I often think about the fact that a few years ago, I might have deemed this job as lesser than other kinds of Work. You know, more spiritual Work. But then Tozer challenged me:
"It is not what a man does that determines whether his work is sacred or secular, but why he does it. The motive is everything. Let a man sanctify the Lord God in his heart and he can thereafter do no common act."
I kept this statement on my wall for years as I pushed a mouse, implemented colour schemes and interacted with coworkers at my previous job in North America. It was part of a long, maybe life-long, process for me: learning what it means to do even common work in an uncommon way.

As I was preparing to move over to Asia, a fellow believer referred to my upcoming move for "secular employment." A friend and I laughed about it later—the comment sounded so cold. It sounded lesser than moving overseas for, you know, more spiritual Work. Like perhaps my highest goals were simply money and pleasure (an empty attitude for which any believer should be rebuked). But perhaps it showed how general Christian thinking sees a chasm between so-called "sacred" and "secular" vocations.



In the classic film Chariots of Fire, Eric Scott,
a gifted Scottish runner, speaks with his sister on a green Scottish hillside. She is frustrated with his fascination with making the Olympic team. She wants him to think of God's work in China and to stop pursuing his worldly goals of running. Foot racing to her is common, not spiritual.

I could relate to her concern, so Eric's reply challenged me. "God made me fast…. I feel the pleasure of God when I run. To give it up would be to hold Him in contempt." He knew there were pressing needs in China. But he also knew that not everyone could race in the Olympics, and that God had gifted him in that way. He had found his place for that time: using his physical ability to the glory of God.
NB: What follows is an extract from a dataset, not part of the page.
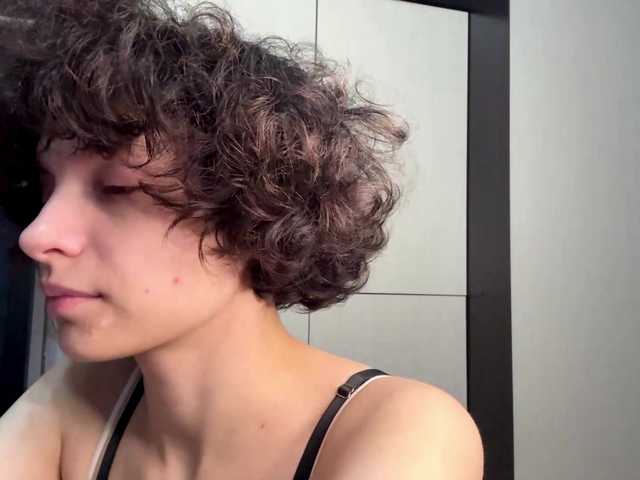 Nikatyan live cam on BongaCams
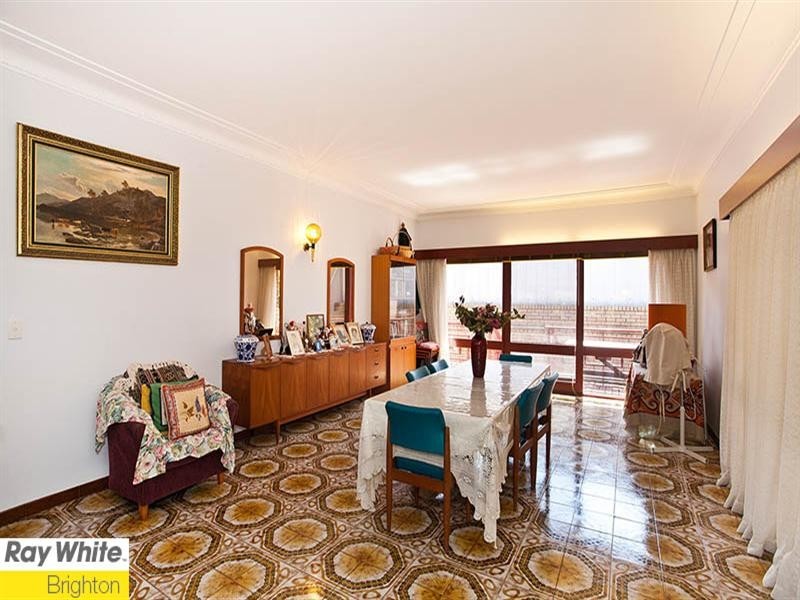 54 Elm Street, Lugarno NSW 2210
Today, Eric is more remembered for his Olympic participation than for his later work overseas. He showed that running, too, could be sacred: "the motive is everything."
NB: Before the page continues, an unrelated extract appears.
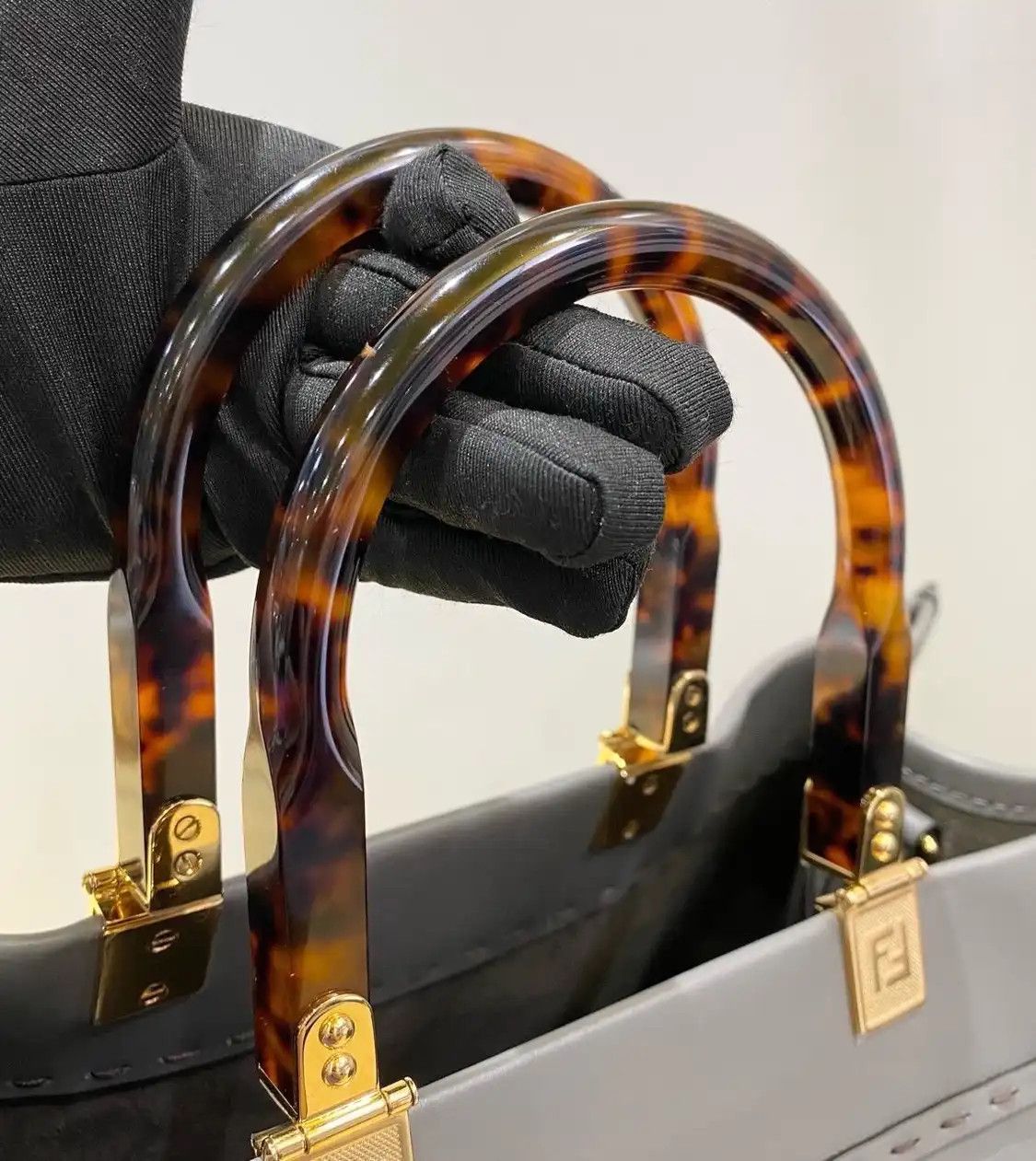 Fendi FENDI Sunshine Large grey cowhide leather embossed handbag Size ONE SIZE - 9 Thumbnail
Martin Luther instructed, "Believe in Christ and do whatever needs to be done in your profession." This simple sentence boils down one's life to its bare essentials: what you believe, and what you do. These would be two good questions for any believer to keep in mind each day:
(1) Am I believing in Christ today? and
(2) What needs to be done in my profession today?
I think Luther would agree that the answer to the first indelibly colours the second.

We often tote this idea that we can separate our inner life and our outer life. This is a false dichotomy. The two are intimately connected: with your inner man you believe, and with your outer man you act upon what you believe. You will work in a way that shows forth the reality of what you believe. If the way you carry out your profession is not affected by Christ, then I wonder if you believe in Him. Faith in Him will, it must, affect how you go about daily life and work, be you preacher or peddler.



Our world knows a lot about priests, capital "P"
. Just pick your culture and continent. Gurus who sit cross-legged in front of attentive audiences. Preachers in crisp shirts and ties with smiling, freshly-washed families. Monks trudging long paths in their orange robes. Priests in velvety gowns that ripple around their ankles. Shaman with their drums and ceremonies. Imams gathering followers in the parched Sahara. Humans look for spiritual leadership and are often attracted to the pomp and ceremony such leaders may provide.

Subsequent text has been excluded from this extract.